Brazil's real estate sector and the road to net zero.
Heavy rainfall with accompanying floods has been a harsh reality for Brazil. The country has seen numerous fatalities as a result of torrential rain. Last week more than thirty people died after heavy rains and floods in the Brazilian state of Rio Grande do Sul, which was the worst natural disaster to hit in 40 years.* Earlier this year, other states have seen similar or even worse floods with heartbreaking consequences.
In the last 3 years the number of hazard warnings in Brazil have been significantly higher than before. Studies have shown that extreme precipitation episodes have rapidly increased in the last 40 to 50 years, especially in the southeast of South America. Publications suggest that intensity and duration of extreme weather events will increase even in a scenario when global warming stabilizes at 1.5 °C. Each additional half degree could cause a significant increase in extreme weather conditions. It also says that extreme rainfall will intensify by about 7% for each additional degree. **
Climate change is a pressing problem globally.
Emissions reached their highest level ever in 2022. The first half of 2022 emissions were 1.2% higher than in 2019. The amount of climate related disasters has increased almost 35% since the 1990s. A global temperature rise of 3.2°C by 2050 will affect 18% the global GDP with -18%.
As we all know by now, the real estate sector is a significant contributor to climate change. Real estate drives approximately 39 percent of total global emissions.***
Although climate change is obviously a global issue, this week we focus on Brazil. How is the real estate landscape in Brazil, what is the role of PropTech and where are opportunities in market?
Real Estate Responsibilities
The global population is growing fast and is expected to reach 9.7 billion by 2050, and most population growth is happening in cities that are high carbon intensive. With these numbers, 2 billion homes will be needed in 2050, and energy demand will go up by >50%!
The international construction market is forecasted to increase by 60% over the next 15 years, with an estimate growth of $5.6T between 2022 and 2037. Adapting our ways in construction plays a very important part in our path to net-zero.
Right now, only 1% of the buildings are classed as "net zero", so there is a long way to go. By 2040, 2/3 of building stock will consist out of buildings that already exist today. Hence, adapting our current buildings is probably equally as important. Installing millions of heat pumps, upgrading millions of load panels to support electrification, improving building insulation, upgrading heating and cooking appliances, etc.
Globally, the regulatory pressure is increasing.
In the USA for example, the Inflation Reduction Act (IRA), fosters Climate Tech innovation. It accelerates progress that’s been made and expands the current system of clean energy tax credits. This way it provides better long-term certainty for businesses on their returns on investments.
The EU passed a law in 2021, that requires its members to cut emissions by 55% before 2030 and reach net zero by 2050. The EU also agreed that new buildings should be zero-emission by 2030, and that existing buildings should be transformed into zero-emission buildings by 2050.

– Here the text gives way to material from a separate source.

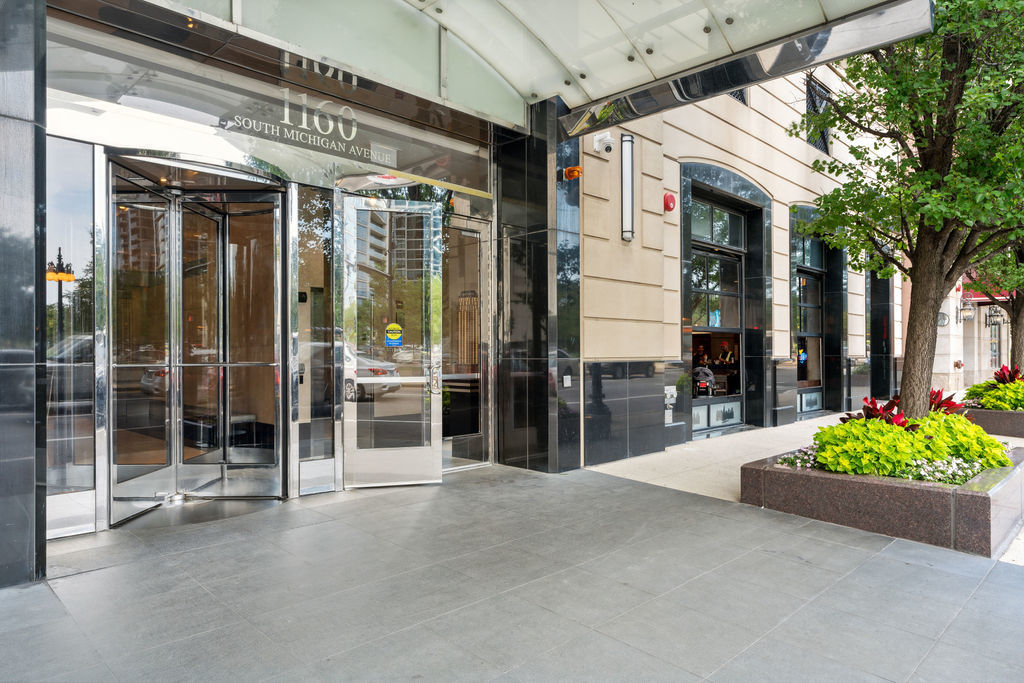 1160 S MICHIGAN Avenue Unit: 3105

In England and Wales, a ban on letting building with poor energy ratings forces commercial landlords to adapt to Minimum Energy Efficiency Standards.
China and Saudi Arabia have committed to achieving carbon neutrality or net-zero emissions by 2060 and India wants to achieve the same by 2070.
Our country of focus, Brazil has committed to be carbon neutral by 2050. By 2025 it wants to reduce emissions by 37% and by 2030, emissions have to be down 43%.
In Brazil the real estate sector is forecasted to grow to USD 49.5 Billion (CAGR 3%).
With a population of nearly 250 million people and a huge housing deficit (8+ million, expected to grow to 12+ million by 2030), the country is a prime market for transformation opportunities.
Even with a national interest rate index of 13.75% per year, transactions involving new real estate are increasing. In 2021 transactions increased by 12.8% and in the first half of 2022 this increased by 18%. 140K new properties, that are worth >72 billion Brazilian Real, have been sold in a year’s time. It’s forecasted sales will go up to 4 trillion Brazilian Real before 2035
With such a booming real estate sector, there is a lot of opportunity for PropTech. In the last decade the number of PropTech startups in Brazil has been increasing, from only 49 companies in 2010, to 343 companies in March 2020. At that point in time 60% of PropTech startups were in the Southeast region. ****
The Brazilian government made the net-zero goals a priority in its policy.
In October the First Conference on Climate and Real Estate, will be held in Brazil. Ivo van Breukelen, a Managing Partner at The Proptech Connection will be speaking at this event, sharing his views on the PropTech market and the biggest opportunities.